The tale of King Herla is one of the most fantastical medieval legends. Telling of a faerie encounter that ends on the banks of the river Wye in good old Herefordshire.

King Herla one of Britain’s earliest Kings was in his court when a small man rode in and claimed that he too was a king, a king of many other kings. In his friendly manner he proposed that the Kings visit each other stating, “I will attend your wedding and a year later you will attend mine.” And so it was when King Herla married, the small king attended accompanied by his servants and a large entourage. A wonderful wedding took place and about a year later, the small king returned with an invitation for King Herla to his wedding.

A Faerie Celebration

King Herla arrived at the small king’s kingdom and followed others through a crevice in the cliff face. Nervously winding his way through pitch black tunnels into the mountain, he was relieved to spy a magical light and the most wonderful wedding taking place. King Herla and his men feasted and celebrated for three days and were given lavish gifts, horses, hawks, hounds and hunting gear. As he was about to leave King Herla was singled out and given a special gift, a bloodhound and was told by the small King to never dismount his horse until the hound did of his own accord.

Heading home King Herla spotted a shepherd and asked of news of his Queen and Kingdom. The shepherd appeared to barely understand him at first for he was a Saxon and King Herla a Briton, but relayed that the kingdom was now in the possession of the Saxons and had been for two hundred years. That the previous King had disappeared in the company of a faerie King and was never seen again.

Heed the words of the Faerie King

King Herla was clearly stunned by this news. A few of his men began to dismount in shock, forgetting the small King’s warning concerning the bloodhound. As soon as their feet touched the ground, the men instantly turned into dust. King Herla quickly ordered the rest of his men to stay mounted until the dog obliged them by leaping down.

But the dog never did leap down.
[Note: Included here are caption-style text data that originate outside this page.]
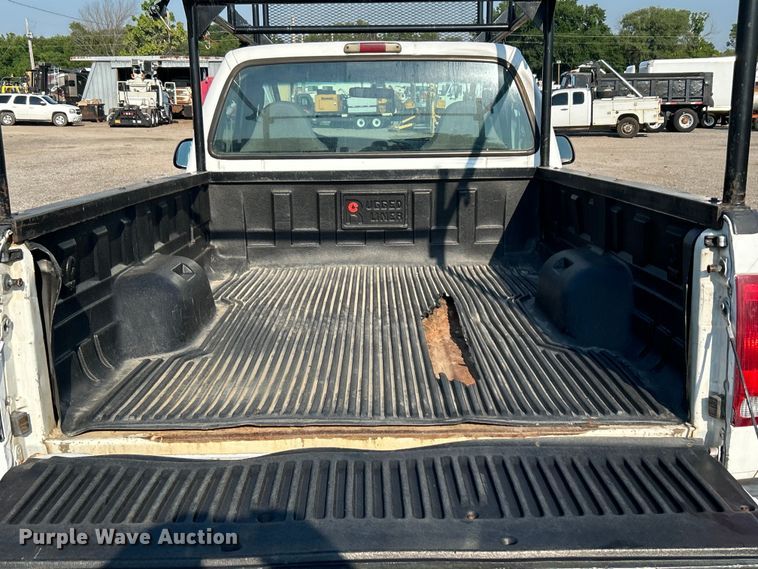 image for item EG0815 2005 Ford F250 Super Duty  pickup truck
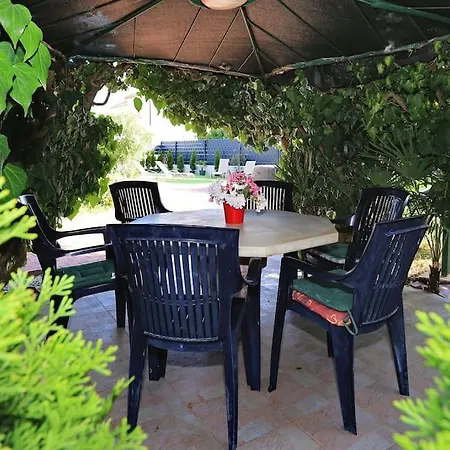 Oasis With Jacuzzi * זאדאר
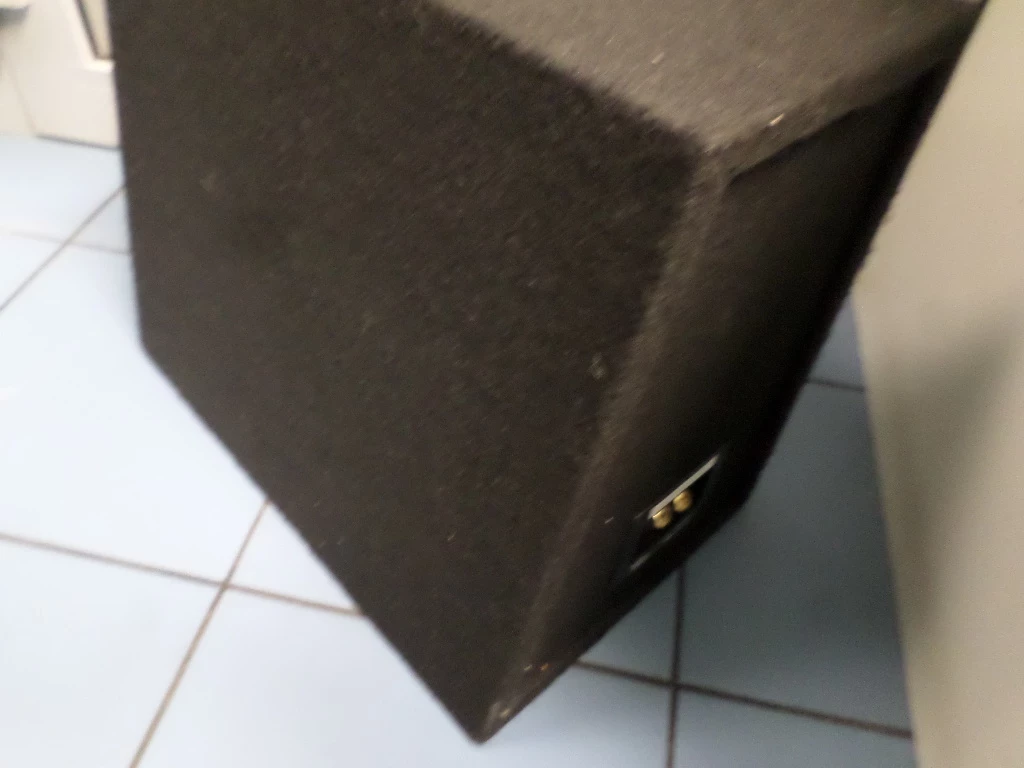 subwoofer-samochodowy-sony-xs-nw1202e-konstrukcja-jednodrozne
The ages passed and King Herla’s company were condemned to a long, lonely march through time.

Accordingly to myth and legend they were last seen in the marches of Wales and Hereford in the first year of the reign of King Henry II. At that time, King Herla’s company were said to have been accosted by a large group of armed Welshmen, forcing the company to plunge into the river Wye, turn into air and vanish forever.

The moral of this wonderful tale is always be wary of accepting wedding invitations from faerie Kings!